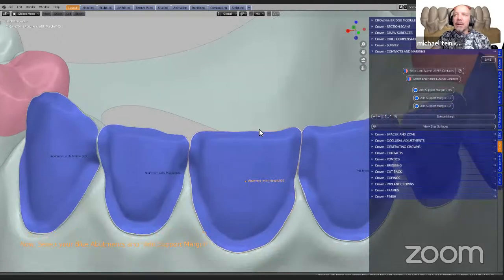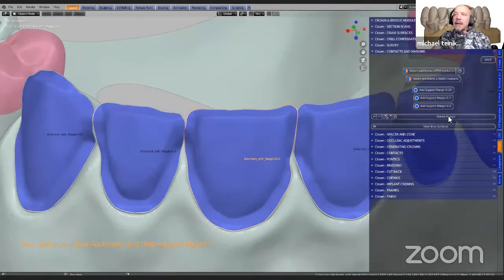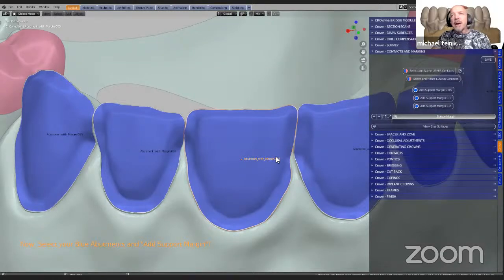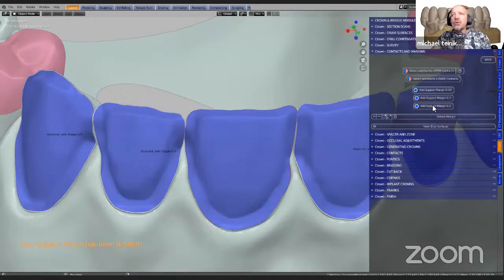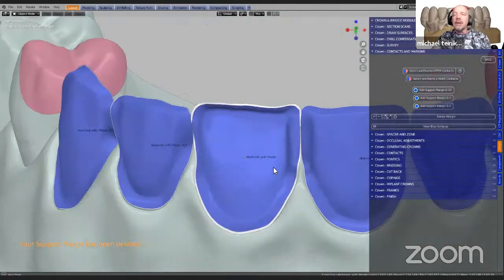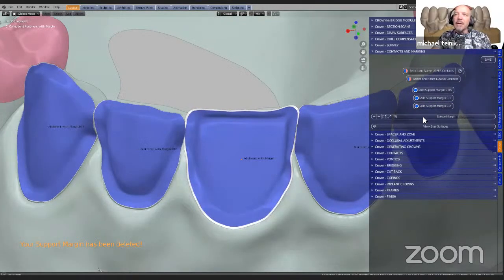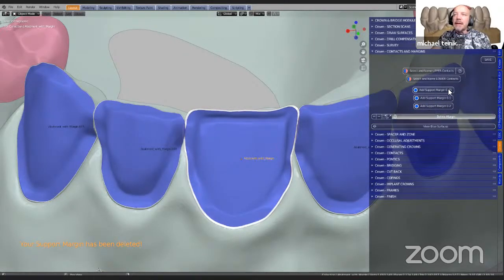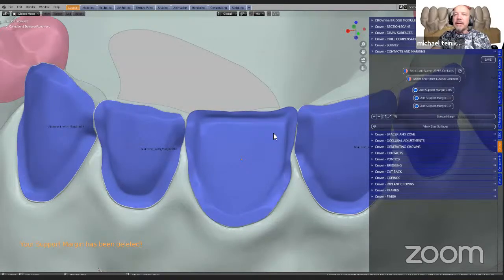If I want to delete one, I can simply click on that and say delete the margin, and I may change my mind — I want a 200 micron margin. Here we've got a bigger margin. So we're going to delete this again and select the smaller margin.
+===+
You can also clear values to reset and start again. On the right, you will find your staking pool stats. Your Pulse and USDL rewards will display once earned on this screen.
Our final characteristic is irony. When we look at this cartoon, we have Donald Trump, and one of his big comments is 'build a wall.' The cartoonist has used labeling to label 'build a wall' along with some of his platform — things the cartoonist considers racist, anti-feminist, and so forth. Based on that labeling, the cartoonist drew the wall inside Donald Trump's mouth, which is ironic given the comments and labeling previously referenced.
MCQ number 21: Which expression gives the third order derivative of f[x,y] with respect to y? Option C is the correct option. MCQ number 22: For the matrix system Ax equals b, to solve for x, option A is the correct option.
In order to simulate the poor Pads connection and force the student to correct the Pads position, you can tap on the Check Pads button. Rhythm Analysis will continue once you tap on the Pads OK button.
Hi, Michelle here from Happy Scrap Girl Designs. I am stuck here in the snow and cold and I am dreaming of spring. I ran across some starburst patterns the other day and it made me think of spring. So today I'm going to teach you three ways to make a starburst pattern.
+===+
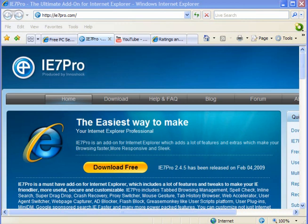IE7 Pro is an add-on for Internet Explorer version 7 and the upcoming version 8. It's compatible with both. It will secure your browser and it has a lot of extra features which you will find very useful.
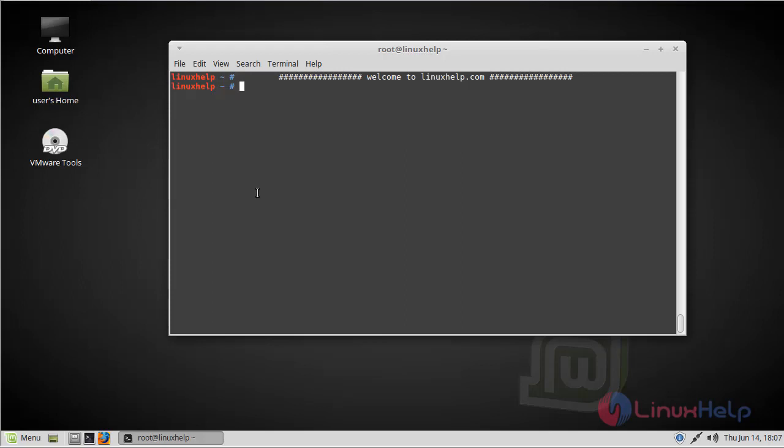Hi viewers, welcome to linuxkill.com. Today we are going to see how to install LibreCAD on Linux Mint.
+===+
| TASK OBJECTIVE |
From the listing above, output exactly the run of lines that starts with the line containing "In order to" and ends with the line containing "Hi, Michelle here".

| TASK OUTPUT |
In order to simulate the poor Pads connection and force the student to correct the Pads position, you can tap on the Check Pads button. Rhythm Analysis will continue once you tap on the Pads OK button.
Hi, Michelle here from Happy Scrap Girl Designs. I am stuck here in the snow and cold and I am dreaming of spring. I ran across some starburst patterns the other day and it made me think of spring. So today I'm going to teach you three ways to make a starburst pattern.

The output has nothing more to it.